Publication date: Available online 10 February 2018
Source:Bioorganic & Medicinal Chemistry
Author(s): Hesham Haffez, David R. Chisholm, Natalie J. Tatum, Roy Valentine, Christopher Redfern, Ehmke Pohl, Andrew Whiting, Stefan Przyborski
Retinoids, such as all-trans-retinoic acid (ATRA), regulate cellular differentiation and signalling pathways in chordates by binding to nuclear retinoic acid receptors (RARα/β/γ). Polar interactions between receptor and ligand are important for binding and facilitating the non-polar interactions and conformational changes necessary for RAR-mediated transcriptional regulation. The constraints on activity and RAR-type specificity with respect to the structural link between the polar and non-polar functions of synthetic retinoids are poorly understood. To address this, predictions from in silico ligand-RAR docking calculations and molecular dynamics simulations for a small library of stable, synthetic retinoids (designated GZ series) containing a central thiazole linker structure and different hydrophobic region substituents, were tested using a ligand binding assay and a range of cellular biological assays. The docking analysis showed that these thiazole-containing retinoids were well suited to the binding pocket of RARα, particularly via a favorable hydrogen bonding interaction between the thiazole and Ser232 of RARα. A bulky hydrophobic region (i.e., present in compounds GZ23 and GZ25) was important for interaction with the RAR binding pockets.
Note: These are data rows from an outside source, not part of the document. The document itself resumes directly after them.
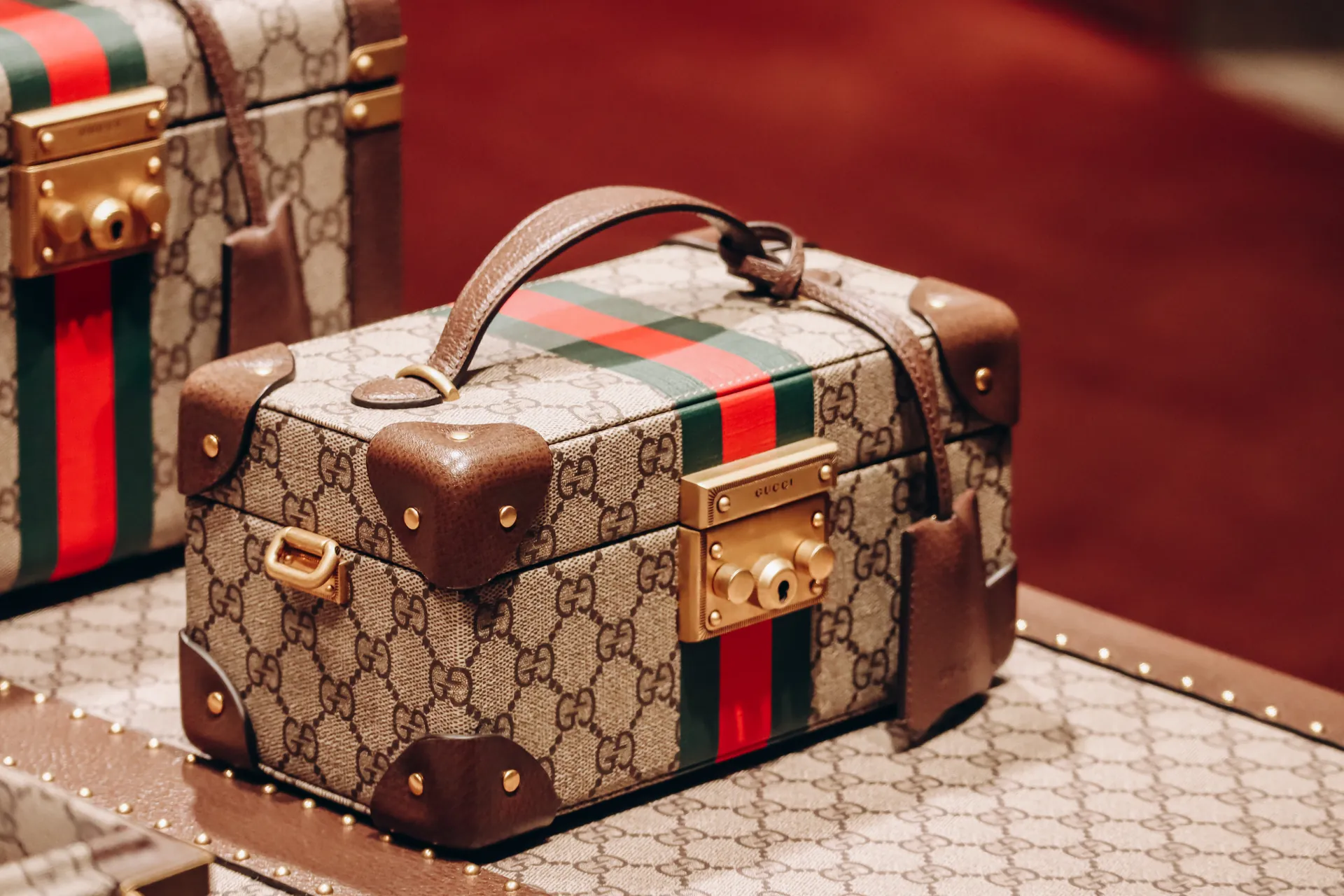 Gucci GG monogram vanity case with signature web stripe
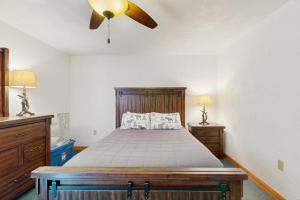 a bedroom with a bed and a ceiling fan at Christmas Mountain Retreat in Bartlett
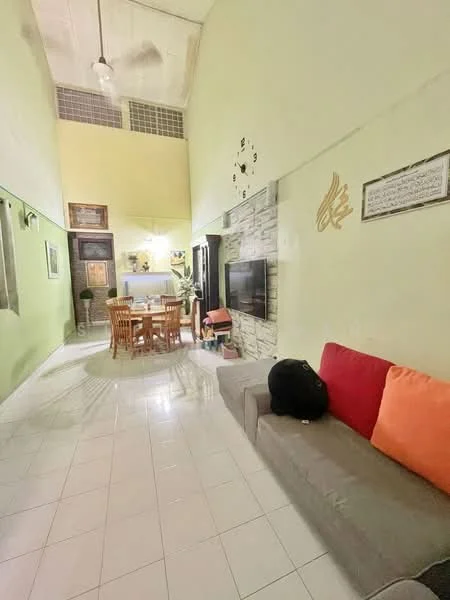 Living features: green painted walls, white tiled flooring, high ceiling, ceiling fan, wall-mounted TV, sofa with orange and red cushions, decorative wall clock, stone feature wall, dining table with chairs, open layout to dining area; style: modern.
Ligand binding assays generally reflected the findings from in silico docking, and showed that GZ25 was a particularly strongly binding ligand for RARα/β. GZ25 also exhibited higher activity as an inducer of neuronal differentiation than ATRA and other GZ derivatives. These data demonstrate that GZ25 is a stable synthetic retinoid with improved activity which efficiently regulates neuronal differentiation and help to define the key structural requirements for retinoid activity enabling the design and development of the next generation of more active, selective synthetic retinoids as potential therapeutic regulators of neurogenesis.